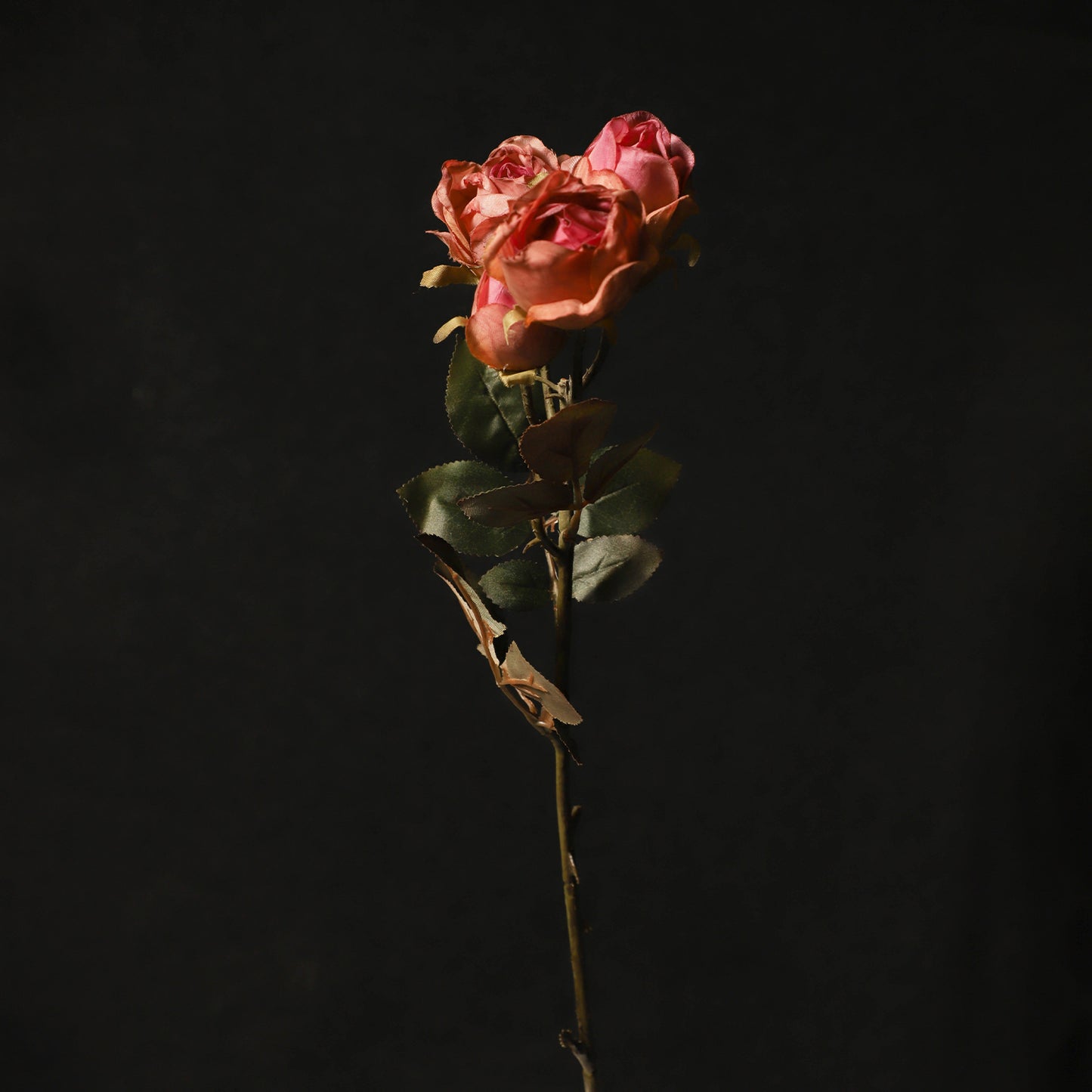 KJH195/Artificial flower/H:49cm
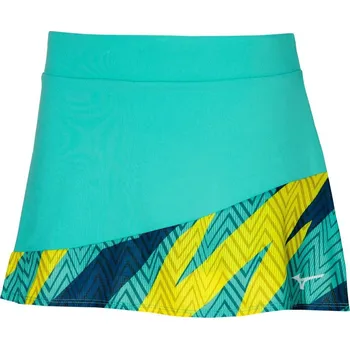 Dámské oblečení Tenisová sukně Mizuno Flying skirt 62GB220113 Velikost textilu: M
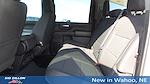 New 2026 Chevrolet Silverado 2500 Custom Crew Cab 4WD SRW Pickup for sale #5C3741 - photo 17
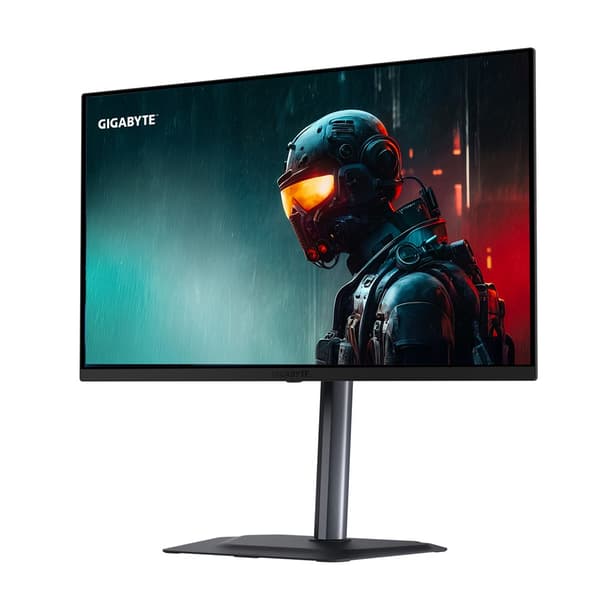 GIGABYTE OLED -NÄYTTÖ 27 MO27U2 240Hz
* * *
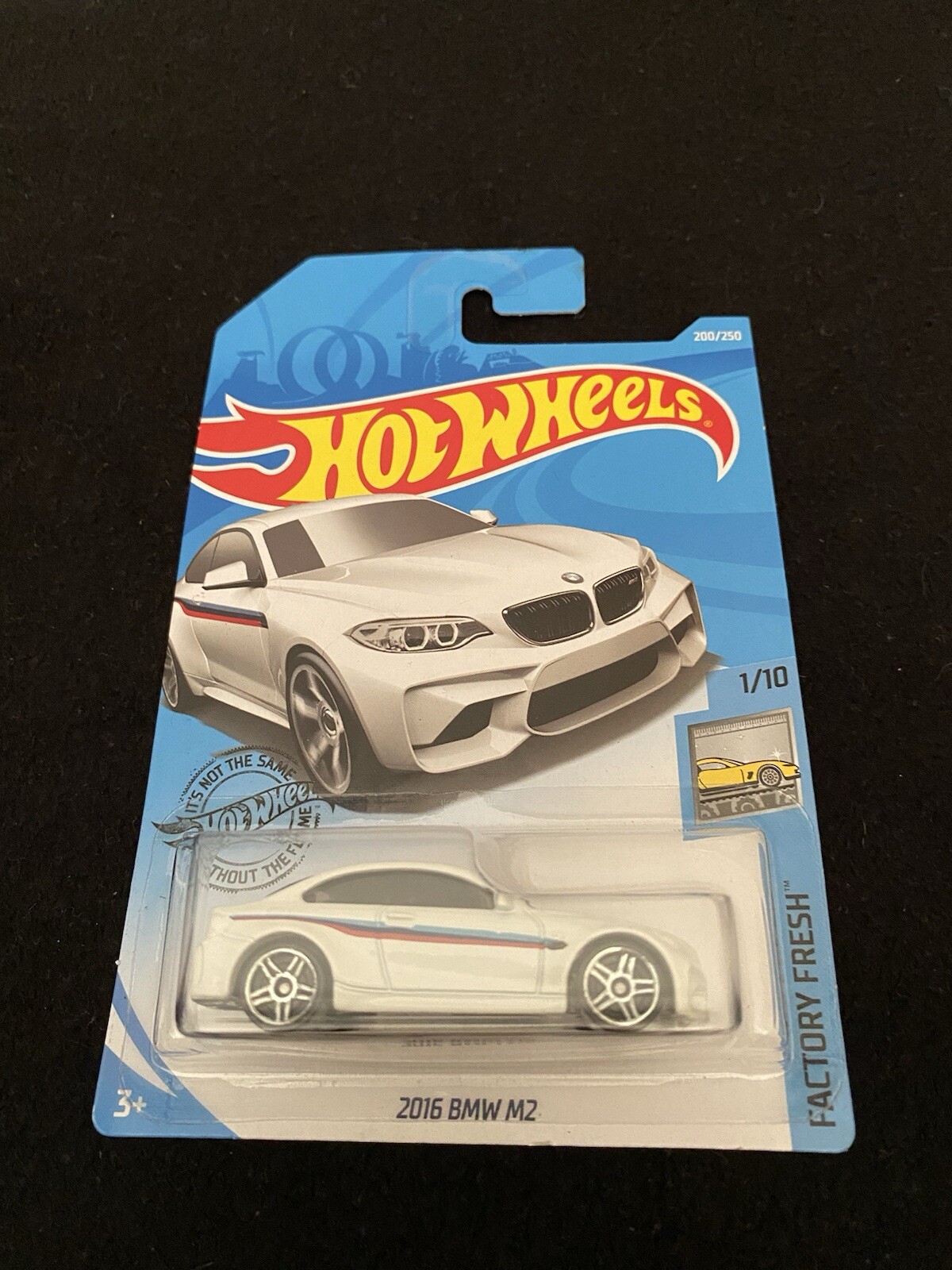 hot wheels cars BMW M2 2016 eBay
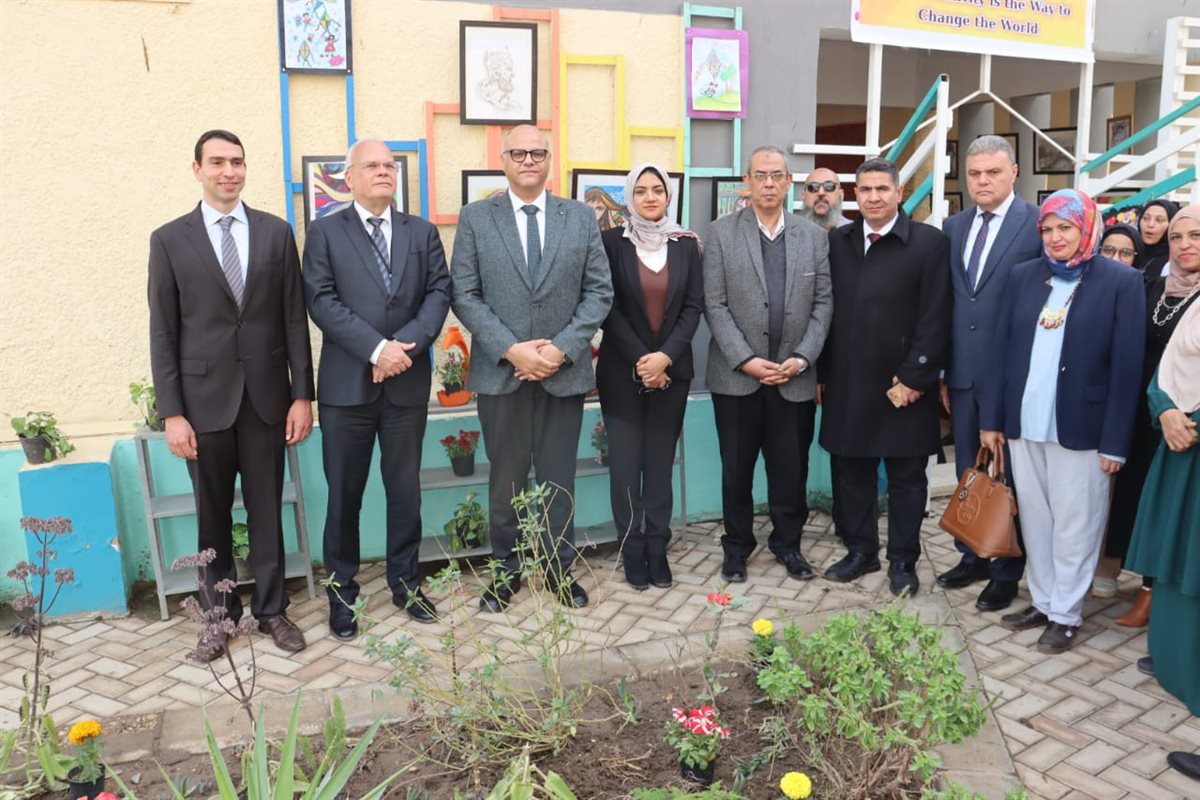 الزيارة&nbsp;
...
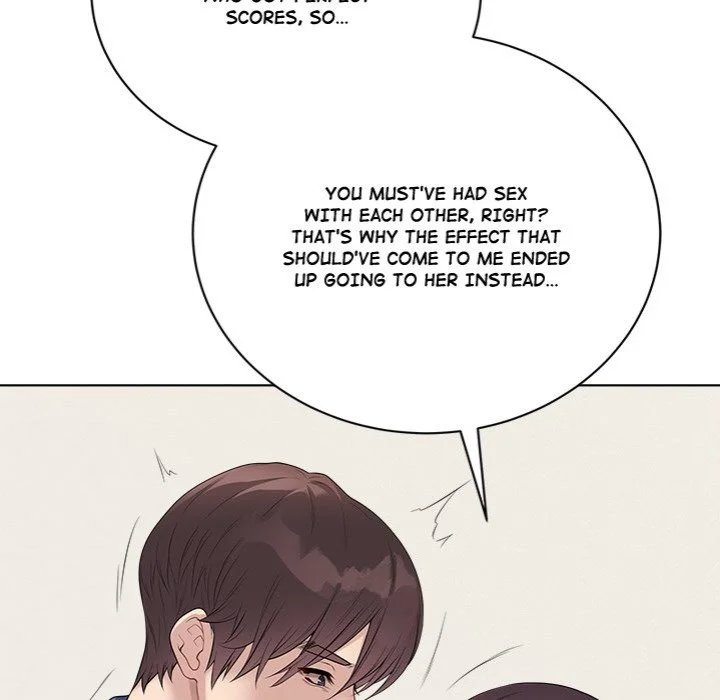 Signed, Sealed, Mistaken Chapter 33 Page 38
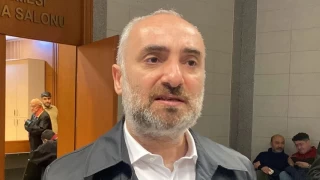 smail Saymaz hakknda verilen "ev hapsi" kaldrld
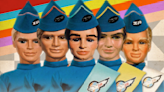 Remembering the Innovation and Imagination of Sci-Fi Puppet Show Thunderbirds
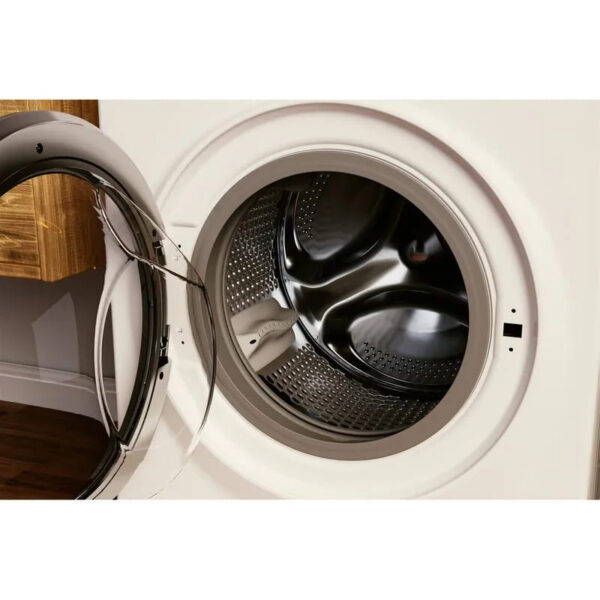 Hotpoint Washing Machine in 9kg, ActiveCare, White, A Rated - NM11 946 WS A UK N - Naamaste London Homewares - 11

YOUR OBJECTIVE:
From the material above, reproduce only what runs from the line holding "Remembering the Innovation" down to the line holding "Hotpoint Washing Machine", both included, pictures excluded.

RESPONSE:
 Remembering the Innovation and Imagination of Sci-Fi Puppet Show Thunderbirds
 Hotpoint Washing Machine in 9kg, ActiveCare, White, A Rated - NM11 946 WS A UK N - Naamaste London Homewares - 11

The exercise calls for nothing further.